Mac's Speed Shop keeps adding locations, and the five guys behind it couldn't be happier—or more surprised
Chris Edwards
David Jewell, Hall Johnston, Andy Cox, Hal Kempson, and Wynn Davis outside their first Mac’s location on South Boulevard.

If you’ve been to a Mac’s Speed Shop—and if you’ve lived in Charlotte for very long, chances are you have—then you know that three things reign in these casual restaurants: beer, bikes, and barbecue. So then it should come as no surprise that in 2003, when the six guys who started the popular spot started tossing the idea around, it was over beers. And when they started looking for inspiration it was on their bikes. And when they chose to go the barbecue route, it was because that paired best with the beers.

“We created the atmosphere and then let the people run it,” says Wynn Davis, one of the now five co-owners (former co-owner J. D. Duncan left in 2009). “We just knew we didn’t want to do the sports bar thing.” What the owners and their customers created was a restaurant where you’re as likely to see a family enjoying an after-church meal as a group of bikers stopping by for a beer at the bar or to check out one of the frequent live music shows.

“We always say we’re everything from bankers to bikers to babies,” says co-owner David Jewell. Its North Carolina ’cue-focused menu has also become one of Charlotte’s favorite destinations for visiting chefs, including Anthony Bourdain and Thomas Keller. And on most days you can catch a glimpse of any of the five owners, Andy Cox, Hal Kempson, Hall Johnston, Jewell, and Davis, who all frequent their restaurants.
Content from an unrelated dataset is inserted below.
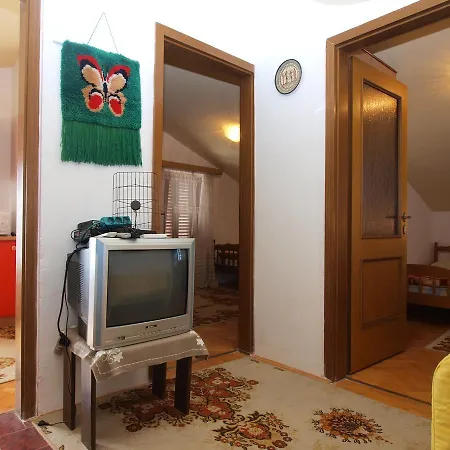 Slavica 382 Apartman *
Despite believing they’d found a casual niche in a market that was saturated with white-tablecloth steakhouses, the owners originally had their doubts about how successful Mac’s would become. “We threw in some money fully expecting to lose it,” says Davis, who points out that when they opened on South Boulevard the immediate area was filled with empty warehouses. “But we figured at least we’d have a bar to go to for a little while.”

But it seems they hit the market at just the right time. With a sinking economy, people were looking for casual, cheap fare, and the beer craze has put their craft brews and large draft selection in high demand. Mac’s, which has three Charlotte locations including one in Lake Norman and one in Steele Creek, recently announced it will be opening restaurants in Greenville and Fayetteville in the next six months. The concepts will be the same and they hope to draw similar crowds. While the owners will all still live in Charlotte, they’ll be doing plenty of traveling to the new locations—on their bikes, of course.